Karar davalı vekili tarafından temyiz edilmiştir.
1-Mahkemece bozma ilamına uyularak yargılama yapılmış ise de bozma ilamının gereklerinin tam olarak yerine getirildiği söylenemez. Bozma ilamında belirtilen hususlara dikkat edilmemiştir. Bozma ilamında davacının fazla mesai alacağı talebi ile ilgili olarak davalı tarafından dosyaya sunulan çalışma saatlerine ilişkin puantaj kayıtlarının değerlendirilmesi gerektiğine değinildiği halde bu konuda bilirkişiden ek rapor alınmadan sonuca gidilmesi hatalı olmuştur.
Kabule göre de; hükme esas alınan bozma kararından önceki tarihli bilirkişi raporunda; tanık beyanlarına göre, davacının haftanın beş günü 08:00 - 20:00 saatleri arası, birbuçuk saat ara dinlenme ile, onbuçuk saat çalıştığı ve normalde günlük yedibuçuk saat çalışmaya göre üç saat fazla mesai hesaplandığı belirtilerek 2005-2008 yılları arası Haziran, Temmuz, Ağustos ve Eylül ayları için fazla mesai yaptığı kabul edilerek hesaplama yapılmış ise de; fazla çalışma süresi yanlış hesaplanmıştır. Haftalık kırkbeş saati aşan çalışmaların fazla çalışma olarak tespiti gerekirken hatalı bir yöntem ile günlük süreler üzerinden bu hesabın yapılması doğru değildir.
Ayrıca fazla çalışmaların uzun bir süre için hesaplanması halinde takdiri indirim yapılması gerektiği, fazla çalışmaların takdiri delil niteliğindeki tanık anlatımları yerine, yazılı belgelere ve işveren kayıtlarına dayanması durumunda böyle bir indirime gidilmesine gerek olmadığı Dairemizce benimsenmiş olup, davaya konu alacağın tanık beyanı esas alınarak hesaplanması halinde takdiri indirim yapılmaması da hatalıdır.

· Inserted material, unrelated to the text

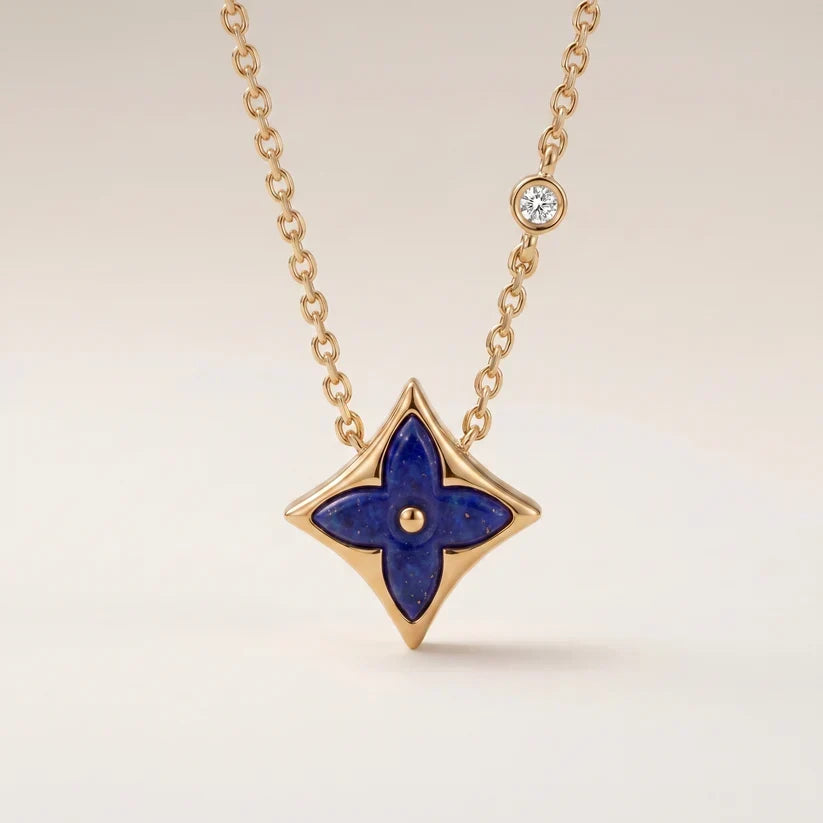 Blue Enamel CZ Necklace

2-Belirtilmesi gereken diğer bir hususta, mahkeme tarafından hükmüne uyulan bozma kararı doğrultusunda yapılan inceleme sonunda bozma kapsamı dışında kalan davacının sorumlu yöneticilik sözleşmesinden doğan alacak talebi hakkında da açıkça önceki hüküm gibi hüküm kurulması gerekirken hüküm fıkrasında bu alacakların Yargıtay bozma ilamı dışı bırakıldığı, bu surette kesinleşmiş olduklarından anılan bu alacak kalemine dair yeniden karar verilmesine yer olmadığına şeklinde karar verilmesi hatalı olup bozmayı gerektirmiştir.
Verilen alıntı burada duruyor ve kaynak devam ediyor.